## ABOUT THIS EXERCISE
Reproduce exactly the lines of this material that begin at the line with "翡翠裸石18K金镶嵌缅甸天然A货翡翠冰种豆子" and end at the line with "Naujan-et-Postiac Casa | Vrbo Property", both included. Omit the pictures and everything else.

## PROVIDED INFORMATION
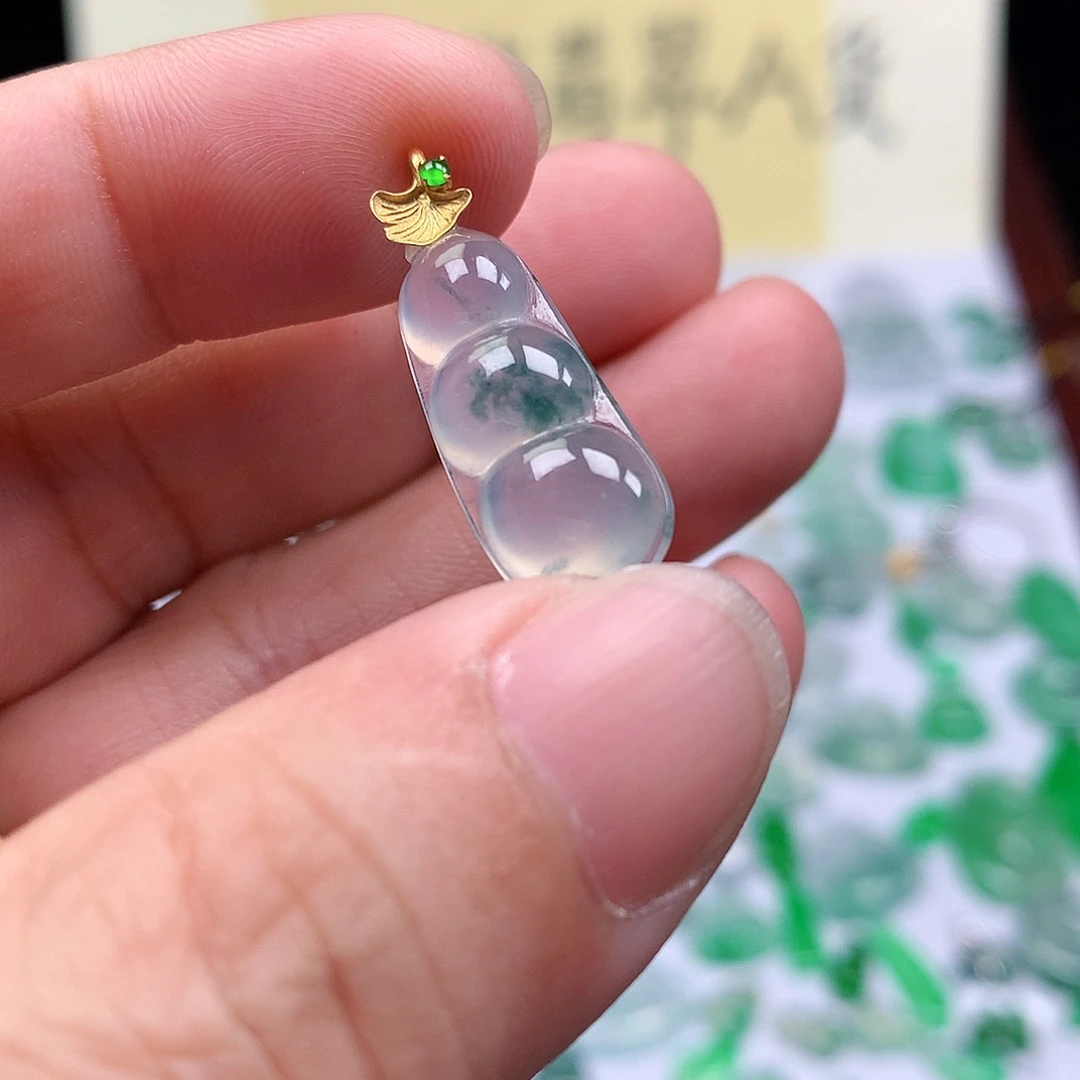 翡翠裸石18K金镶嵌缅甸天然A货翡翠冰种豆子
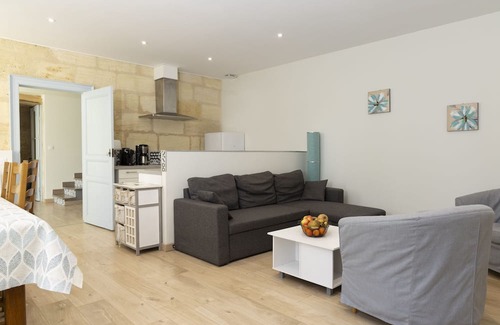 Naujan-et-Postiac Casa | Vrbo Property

==

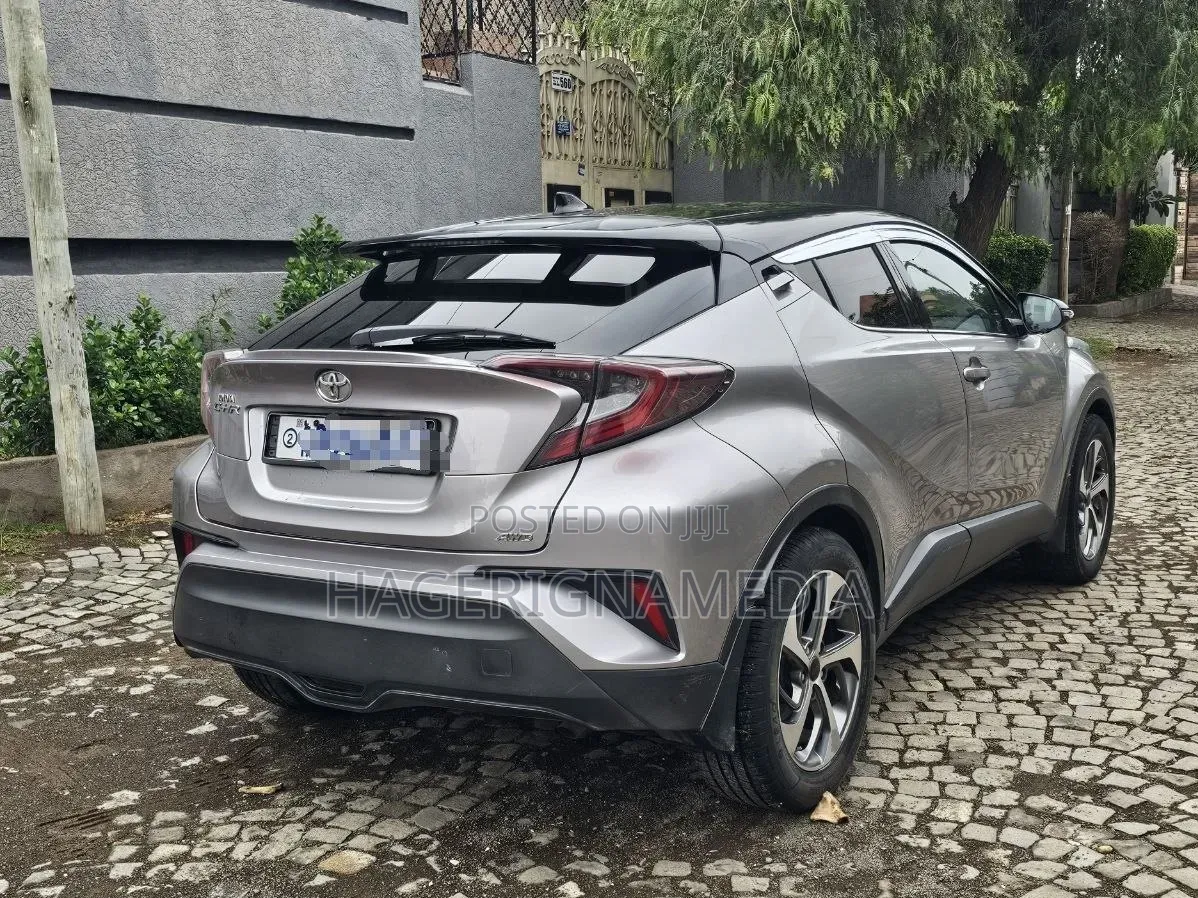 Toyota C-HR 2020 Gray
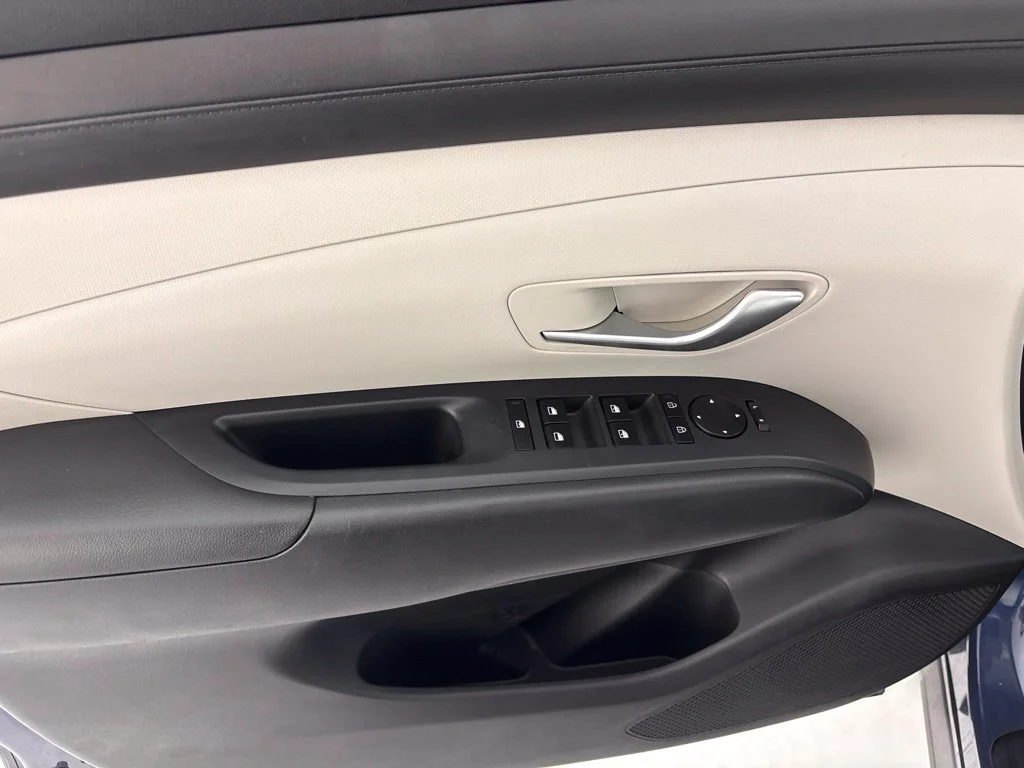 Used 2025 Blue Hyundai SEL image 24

---

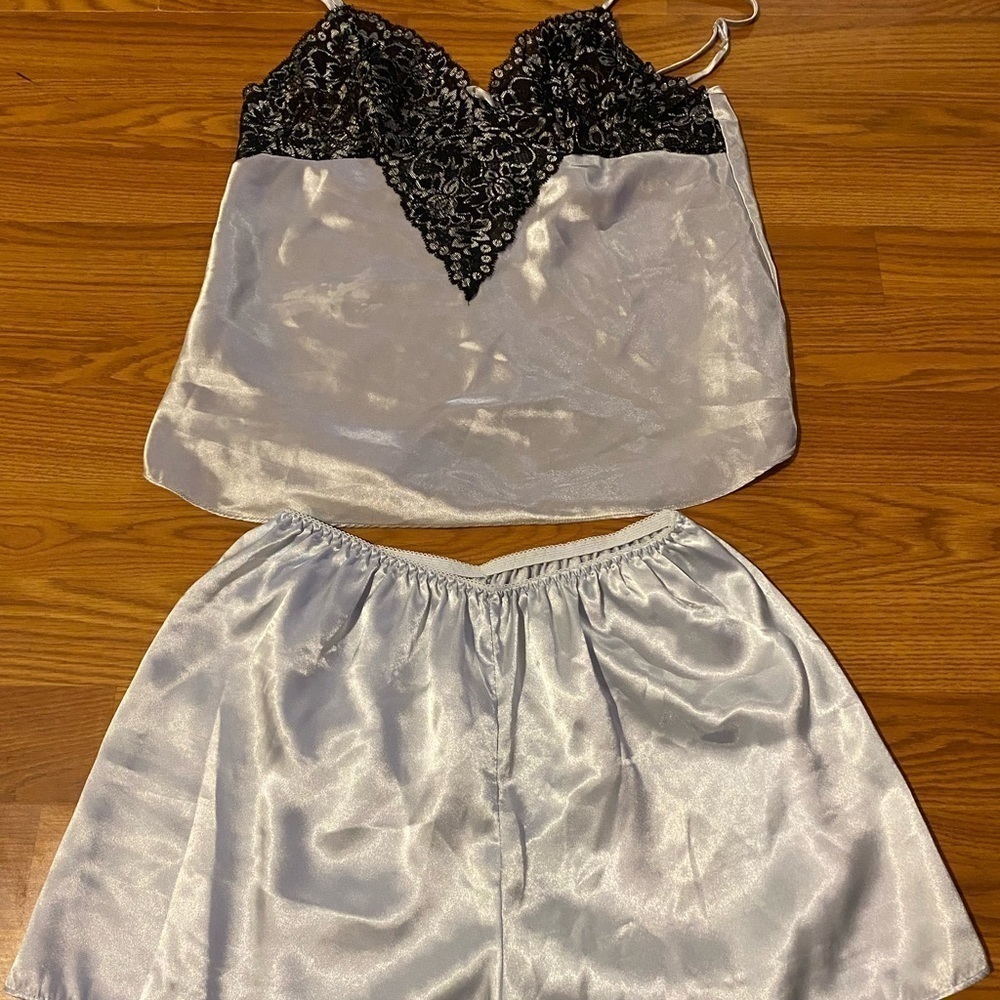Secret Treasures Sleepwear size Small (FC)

## SOLUTION TO THE PROBLEM
 翡翠裸石18K金镶嵌缅甸天然A货翡翠冰种豆子
 Naujan-et-Postiac Casa | Vrbo Property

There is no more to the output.